RECORDED INFORMATION:

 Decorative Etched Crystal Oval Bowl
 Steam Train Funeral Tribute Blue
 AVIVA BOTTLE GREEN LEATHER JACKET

TASK REQUIREMENTS:
Your task is to reproduce the full listing exactly.

REPLY:
 Decorative Etched Crystal Oval Bowl
 Steam Train Funeral Tribute Blue
 AVIVA BOTTLE GREEN LEATHER JACKET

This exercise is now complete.